August 5, 2014

BEET, BLOOD ORANGE, AND WALNUT SALAD

4 medium fresh beets
3 blood oranges OR red navel oranges
1 large shallot
kosher salt
1/4 cup sherry vinegar
1/2 cup walnut or olive oil
6 - 8 cups mixed baby greens
1/2 cup toasted, chopped walnuts

Preheat oven to 400 degrees.  Cut away tops of beets, leaving about 1 inch of the stems and enclose them completely in foil.   Place directly on the oven rack and roast for about 1 hour, or until tender when pierced with a fork.  Cool, slip the skins off, and slice the beets into 1/2 inch slices.  Set aside.

Grate the zest of 1 orange into a small bowl.  Cut the orange in half and squeeze the juice from one half into the grated zest (reserve the other half for use later.)  Set aside.

Cut a slice from each end of the other 2 oranges, until you can see the flesh.  Stand the oranges on end and cut down the sides to peel away the skin and the white pith, leaving only the flesh of the orange.  Cut the oranges into thin round slices and set aside.

Peel the shallot, mince finely, and add it immediately to the orange juice and zest.  Add the salt; whisk in first the vinegar and then the oil.  Taste to determine whether it needs more oil, vinegar, or juice from the remaining half orange and adjust so that the dressing is tart enough to balance the sweetness of the oranges and beets.

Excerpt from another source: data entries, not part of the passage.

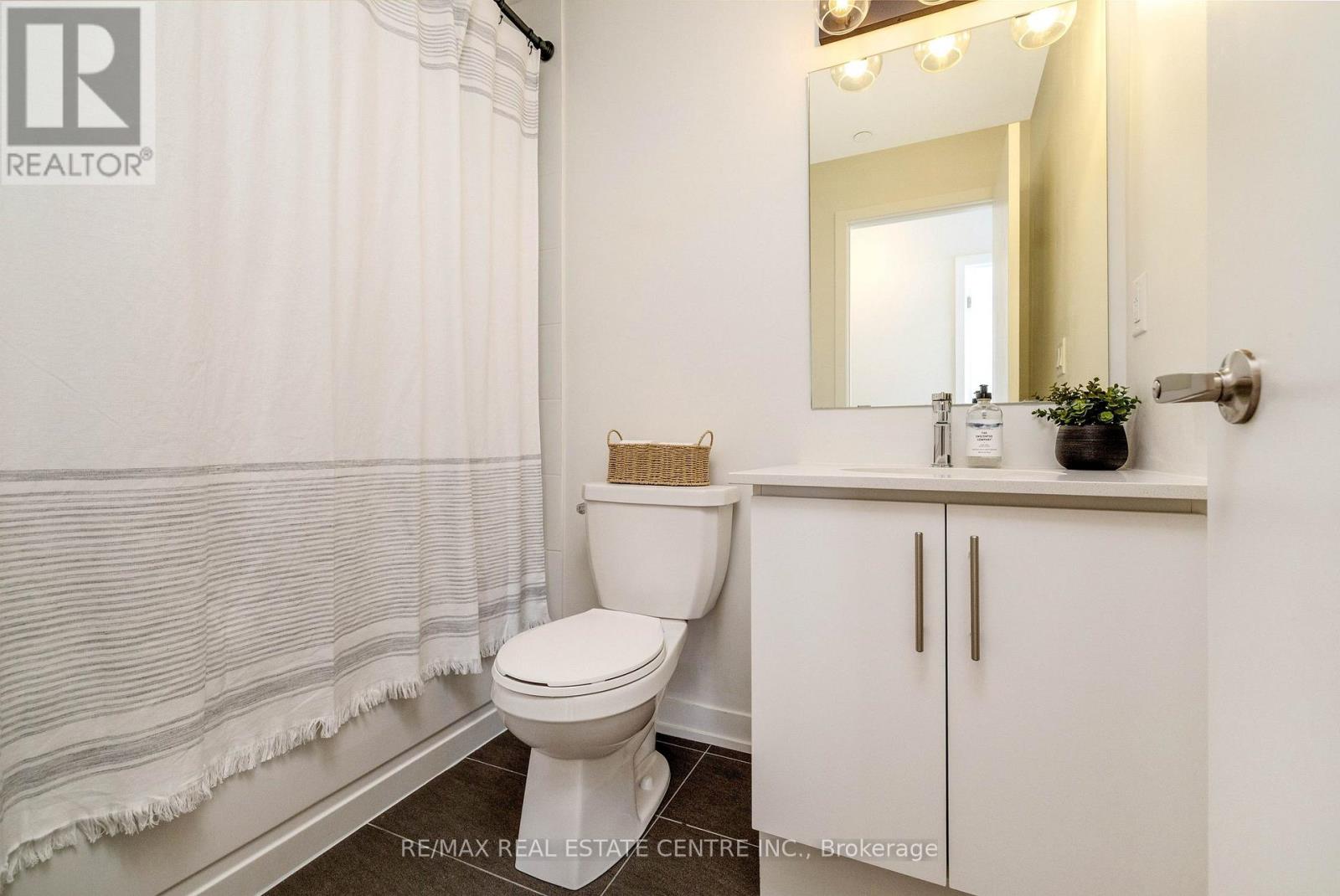 18 - 3409 Ridgeway Drive, Mississauga, Ontario  L5L 0B9 - Photo 28 - W12975766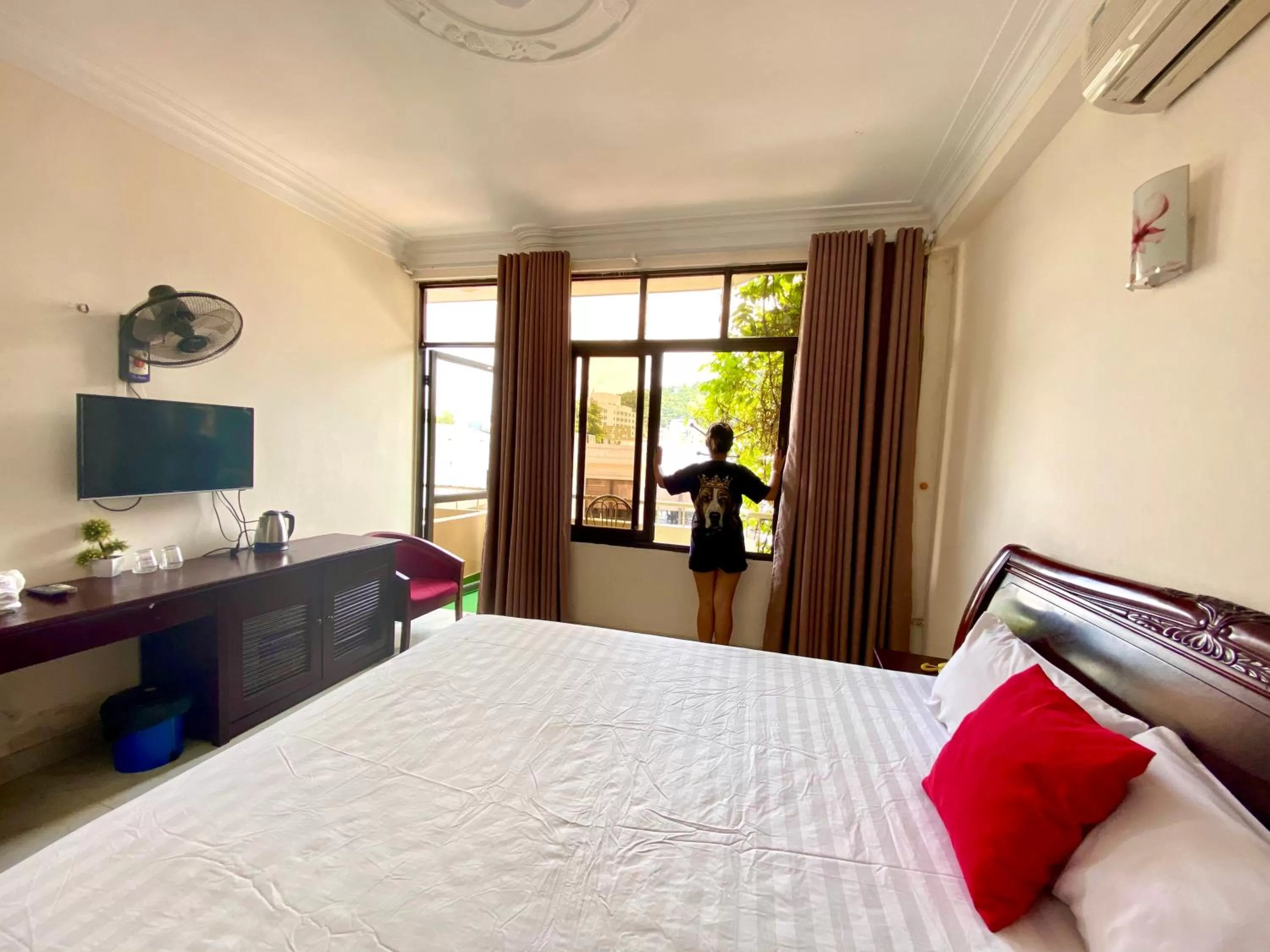 Bed in Viet Nhat Halong Hotel - Bai Chay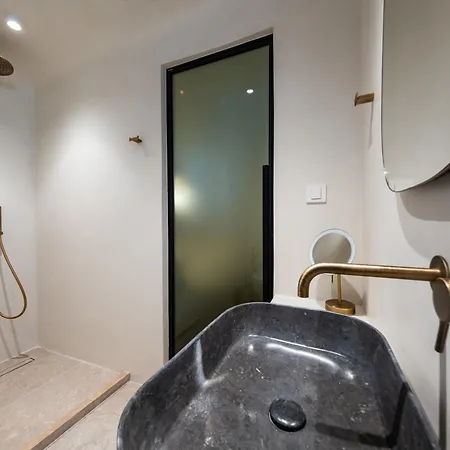 Oasis 3* Páros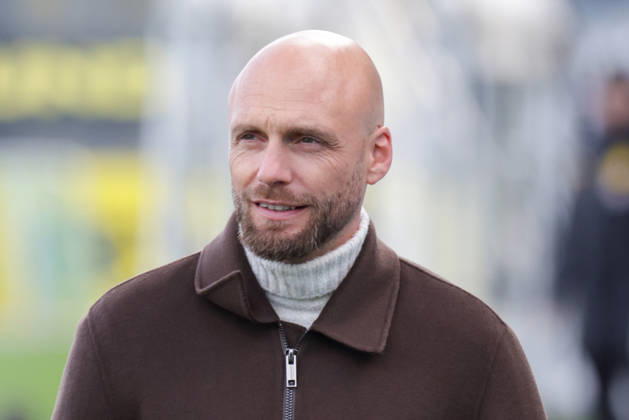 25.10.2026, xgrfx, Fussball 1. Bundesliga, Borussia Dortmund - Training v.l. Ole Book (Borussia Dortmund) Dortmund
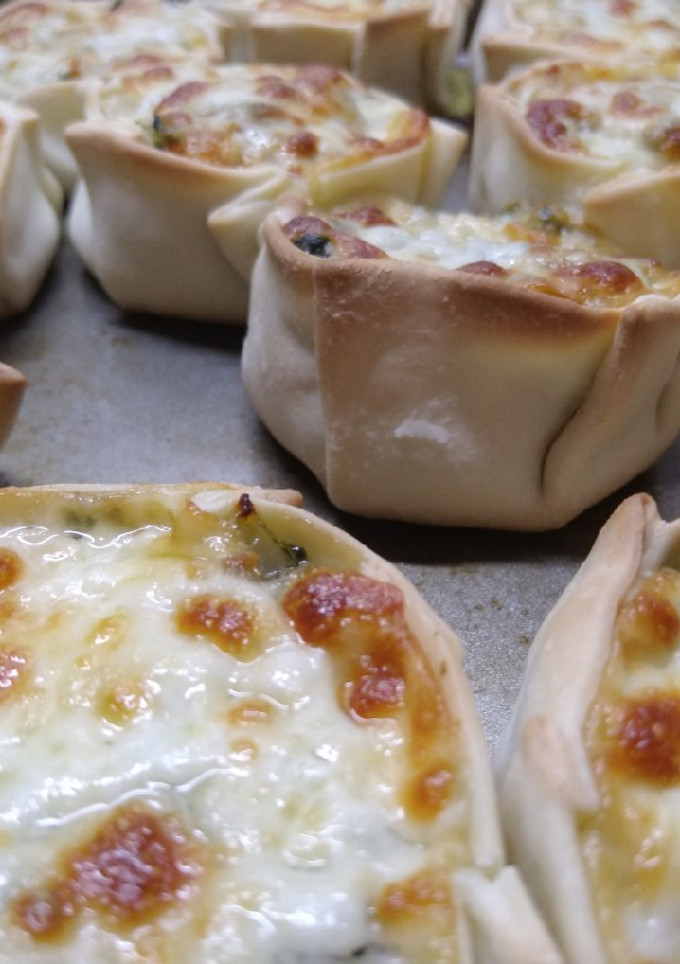 Una foto de Canastas de acelga, cebolla y queso. Simple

To serve:  Arrange the greens on a platter.  Toss the beets with a few tablespoons of the vinaigrette to coat evenly and then arrange the slices over the greens.  Lay the orange slices around the platter and sprinkle the walnuts over the entire platter.  Spoon enough vinaigrette over the entire salad to coat lightly and then serve immediately.